== Required action ==
Among the entries below, only the lines from the one with "68 Old Aspetong" through the one with "Fetish mask and" are to be retyped, exactly and without pictures.

== Extracted material ==
——
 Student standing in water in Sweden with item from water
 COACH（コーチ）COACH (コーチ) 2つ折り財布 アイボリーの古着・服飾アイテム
——
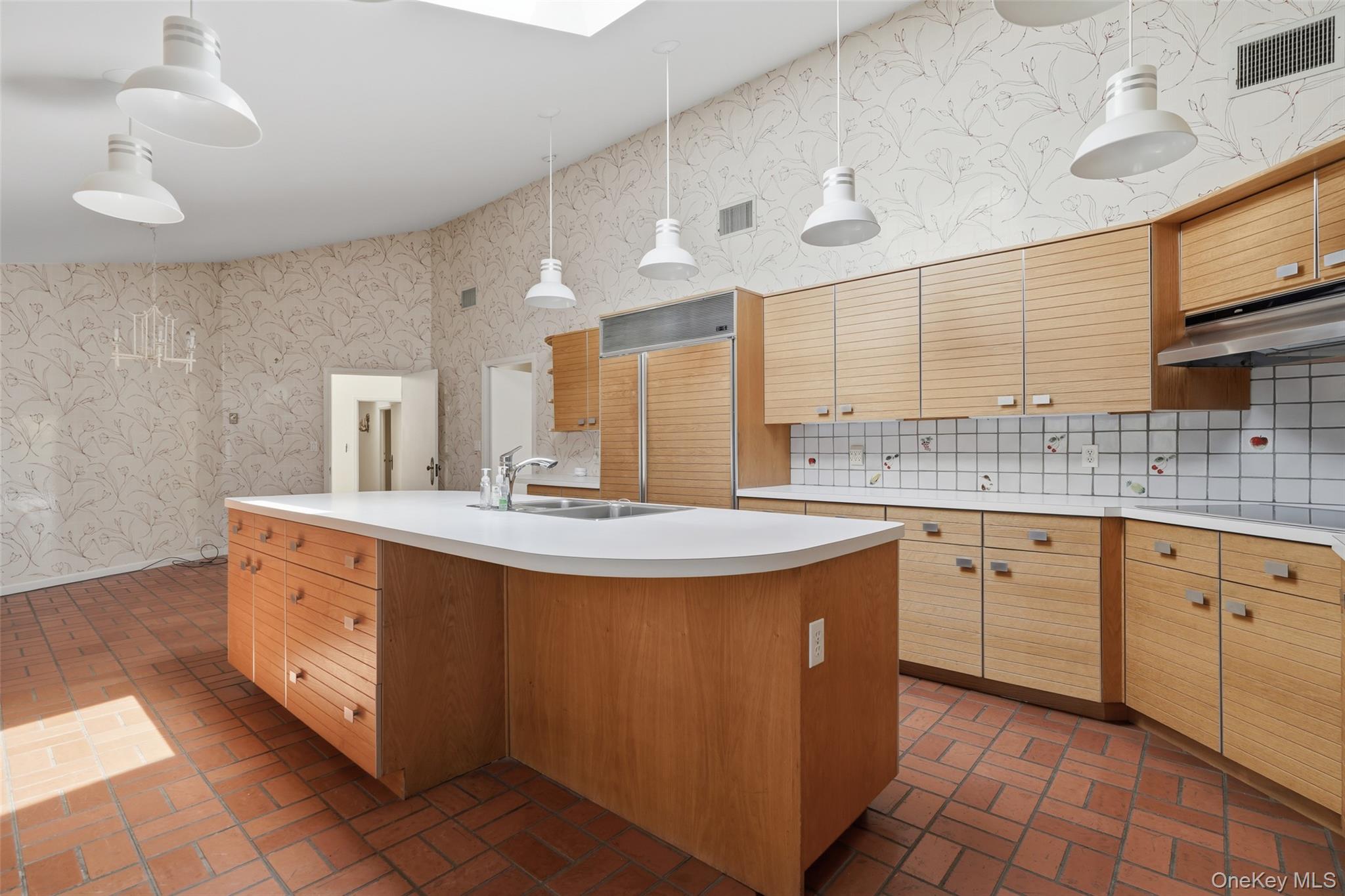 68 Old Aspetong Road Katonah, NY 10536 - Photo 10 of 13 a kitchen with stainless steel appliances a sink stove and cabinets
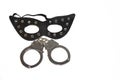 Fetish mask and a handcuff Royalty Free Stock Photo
——
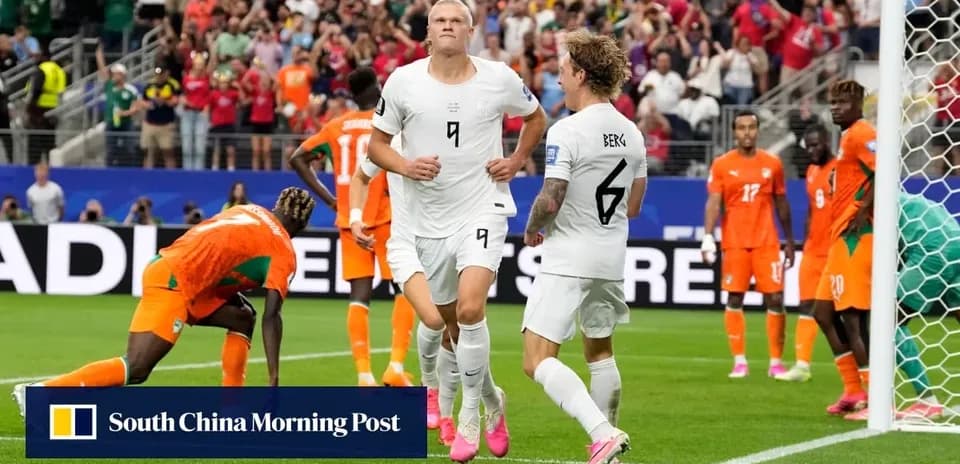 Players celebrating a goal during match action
——
== Output of the exercise ==
 68 Old Aspetong Road Katonah, NY 10536 - Photo 10 of 13 a kitchen with stainless steel appliances a sink stove and cabinets
 Fetish mask and a handcuff Royalty Free Stock Photo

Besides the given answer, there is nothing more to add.